REQUIRED WORK =>
Your task is to copy the stretch of lines in the records below that begins with the line containing "353 Thirlmere Way, Thirlmere NSW 2572" and ends with the line containing "new 2025 Jeep", exactly as written, with nothing added.

====================

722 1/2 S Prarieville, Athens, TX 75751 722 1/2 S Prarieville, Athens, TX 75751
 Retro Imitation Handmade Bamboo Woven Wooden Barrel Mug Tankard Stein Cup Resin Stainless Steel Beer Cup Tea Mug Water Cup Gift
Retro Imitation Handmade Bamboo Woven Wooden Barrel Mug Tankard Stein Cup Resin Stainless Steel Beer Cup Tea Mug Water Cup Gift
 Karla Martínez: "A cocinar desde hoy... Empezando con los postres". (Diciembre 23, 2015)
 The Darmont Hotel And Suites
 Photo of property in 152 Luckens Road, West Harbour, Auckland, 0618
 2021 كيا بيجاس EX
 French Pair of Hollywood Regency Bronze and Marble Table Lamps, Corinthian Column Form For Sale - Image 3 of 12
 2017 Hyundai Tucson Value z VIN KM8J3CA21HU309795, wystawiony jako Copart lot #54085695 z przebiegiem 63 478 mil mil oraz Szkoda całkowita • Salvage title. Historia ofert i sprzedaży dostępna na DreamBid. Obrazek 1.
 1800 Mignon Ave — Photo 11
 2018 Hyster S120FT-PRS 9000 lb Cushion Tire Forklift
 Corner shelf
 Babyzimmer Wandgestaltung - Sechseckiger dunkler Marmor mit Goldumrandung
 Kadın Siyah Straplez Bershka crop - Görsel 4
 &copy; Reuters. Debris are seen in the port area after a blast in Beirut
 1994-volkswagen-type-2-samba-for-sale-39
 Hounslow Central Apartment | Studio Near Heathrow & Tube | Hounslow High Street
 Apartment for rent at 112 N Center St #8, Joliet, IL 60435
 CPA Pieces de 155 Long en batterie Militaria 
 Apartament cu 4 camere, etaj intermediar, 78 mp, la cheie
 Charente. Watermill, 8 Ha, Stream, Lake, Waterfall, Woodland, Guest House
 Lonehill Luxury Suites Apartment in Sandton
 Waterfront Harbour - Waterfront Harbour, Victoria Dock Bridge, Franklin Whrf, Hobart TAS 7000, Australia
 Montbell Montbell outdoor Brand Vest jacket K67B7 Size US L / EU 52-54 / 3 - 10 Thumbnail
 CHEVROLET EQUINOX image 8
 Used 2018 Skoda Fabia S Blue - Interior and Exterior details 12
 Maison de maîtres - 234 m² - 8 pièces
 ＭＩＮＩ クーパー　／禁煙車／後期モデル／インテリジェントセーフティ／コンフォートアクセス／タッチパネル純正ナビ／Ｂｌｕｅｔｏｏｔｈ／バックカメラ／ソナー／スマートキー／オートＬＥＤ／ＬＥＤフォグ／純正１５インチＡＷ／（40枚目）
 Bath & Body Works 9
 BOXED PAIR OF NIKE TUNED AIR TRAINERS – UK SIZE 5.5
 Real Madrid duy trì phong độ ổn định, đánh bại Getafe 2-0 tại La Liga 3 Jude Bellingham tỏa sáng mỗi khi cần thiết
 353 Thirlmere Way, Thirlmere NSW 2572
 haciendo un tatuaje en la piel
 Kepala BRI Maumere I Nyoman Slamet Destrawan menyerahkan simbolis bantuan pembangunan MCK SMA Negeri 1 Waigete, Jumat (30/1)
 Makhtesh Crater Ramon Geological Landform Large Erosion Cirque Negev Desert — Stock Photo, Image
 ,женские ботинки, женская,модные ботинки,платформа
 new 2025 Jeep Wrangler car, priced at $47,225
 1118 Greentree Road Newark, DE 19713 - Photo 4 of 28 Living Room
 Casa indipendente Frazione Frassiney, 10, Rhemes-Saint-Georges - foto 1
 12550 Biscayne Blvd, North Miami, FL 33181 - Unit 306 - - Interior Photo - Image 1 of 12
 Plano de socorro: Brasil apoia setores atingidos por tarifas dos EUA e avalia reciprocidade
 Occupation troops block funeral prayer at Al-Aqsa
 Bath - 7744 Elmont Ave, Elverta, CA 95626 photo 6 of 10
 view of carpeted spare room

====================

FINISHED TASK =>
 353 Thirlmere Way, Thirlmere NSW 2572
 haciendo un tatuaje en la piel
 Kepala BRI Maumere I Nyoman Slamet Destrawan menyerahkan simbolis bantuan pembangunan MCK SMA Negeri 1 Waigete, Jumat (30/1)
 Makhtesh Crater Ramon Geological Landform Large Erosion Cirque Negev Desert — Stock Photo, Image
 ,женские ботинки, женская,модные ботинки,платформа
 new 2025 Jeep Wrangler car, priced at $47,225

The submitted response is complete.